July 4, 2022 4:15 pm Comments

SEC Chair Gary Gensler’s campaign to enforce more regulation upon the crypto industry might have more legal obstacles than previously anticipated.

The Supreme Court’s recent opinion on the West Virginia vs. EPA lawsuit had results that would likely limit or restrict the power of agencies like the SEC on things that are usually outside of Congressional control.

Crypto industry advocates are welcoming this as many have claimed that the SEC is guilty of over-regulation in recent years that has stifled innovation and growth within the crypto industry.

As a result, further regulation may need more approvals from Congress depending on how the results of this case impacts the regulation process.

PYMNTS.com reports:

“Today’s #SCOTUS decision challenges the regulation by enforcement approach that the digital asset industry has been forced to navigate,” Perianne Boring, CEO of the Chamber of Digital Commerce, a crypto industry association, said on Twitter. “Without clear Congressional authorization, federal agencies must tread carefully.”

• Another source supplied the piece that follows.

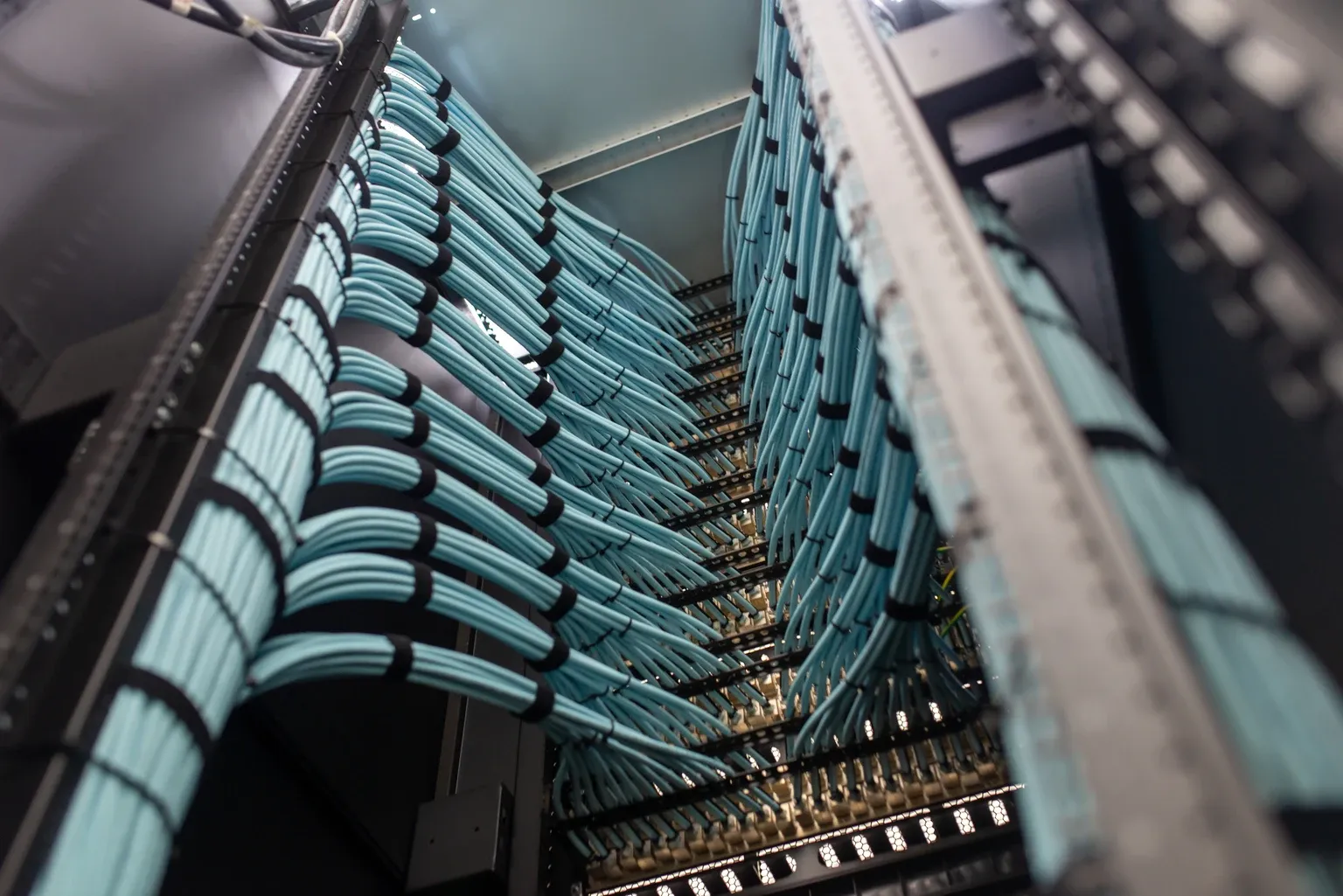 AAOI Stock Falls Sharply on $600M At-the-Market Offering Announcement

In a statement to CNBC, she added that the ruling “at the very least should give regulators pause in attempting to set policies that exceed their congressionally mandated roles, particularly so with emerging innovations with great economic potential.”

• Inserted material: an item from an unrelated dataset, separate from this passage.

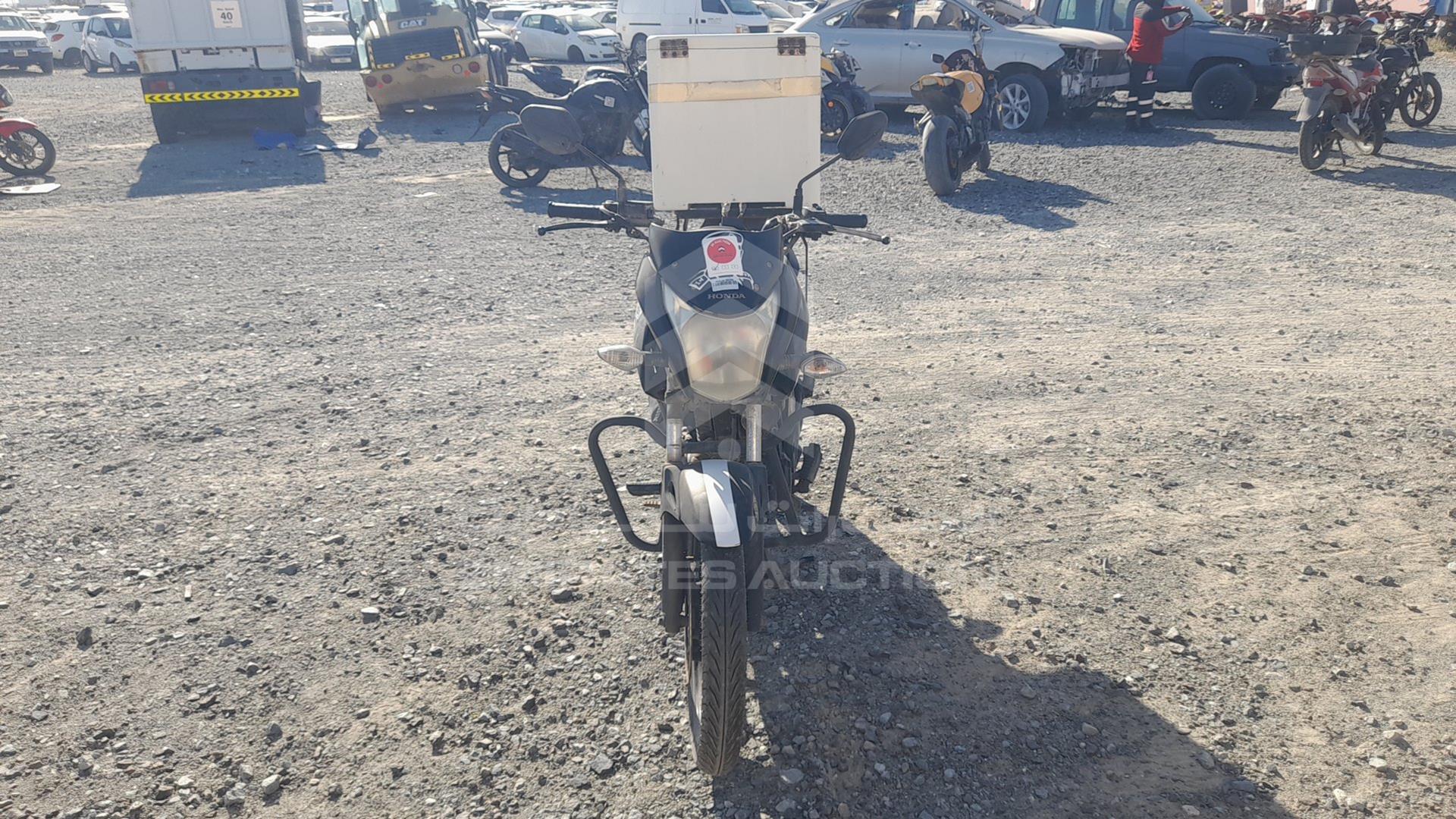 2016 HONDA UNICORN 160 VIN: ME4KC203668001983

Specifically, the industry objects to the SEC’s ruling that virtually all cryptocurrencies are securities subject to its jurisdiction. That has led to enforcement actions that effectively shut down the initial coin offering (ICOs) that funded the growth of the industry during the first major crypto boom in 2017-2018.

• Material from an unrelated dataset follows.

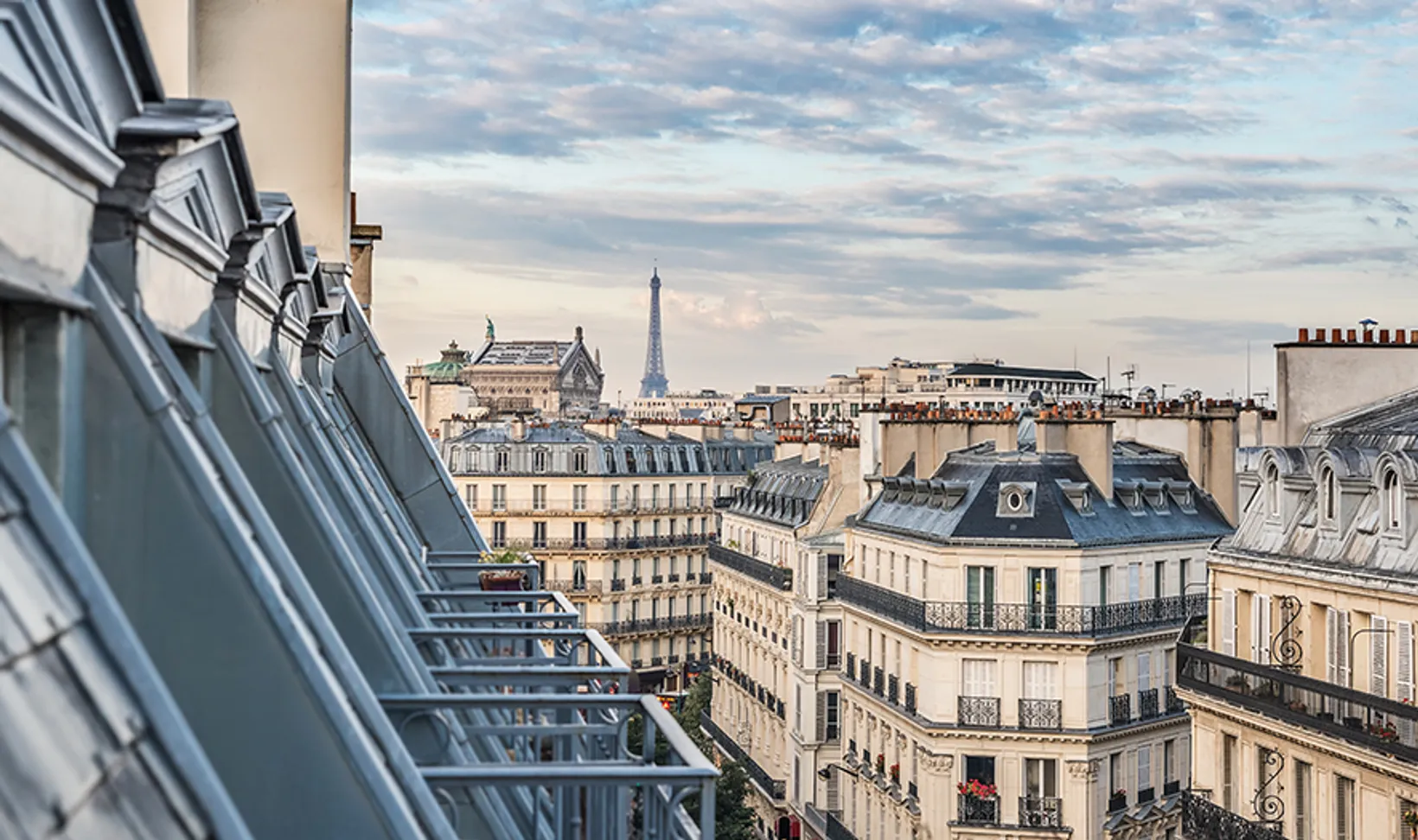 view from LunaJets Paris office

It’s an argument that Gensler has been losing recently, after a bipartisan Senate bill recommended giving control of most cryptocurrencies to the Commodity Futures Trading Commission (CFTC).

Recent actions by the SEC include situations where the agency is trying to control the crypto lending industry where it had targeted firms such as  BlockFi and Coinbase.

Specifically in this case, it prevented Coinbase from getting into crypto lending in the first place and it made BlockFi pay a $100 million settlement.

Apparently, there were threats that the SEC would sue Coinbase if it did launch a lending service which was something that outraged Coinbase CEO Brian Armstrong.

FT.com concludes:

While the principle is not new, the ruling has give it more heft as a doctrine that could underpin future legal challenges against regulators.

“The Supreme Court has taken a tool away.

The boundaries of regulators’ rulemaking powers, of what constitutes a “major” issue and of Congress’s mandates are set to be determined by courts in years to come, according to experts.

But for now, “the Supreme Court is telling lower courts and certainly telling administrative agencies, ‘you better be building on bedrock when you construct economic regulatory rules,’” said Kovacic.

“And that is very conservative engineering. It really limits how high up you can build”.

Experts are speculating that the SEC is going up against both the government side as well as the retail side which might eventually be too much to handle.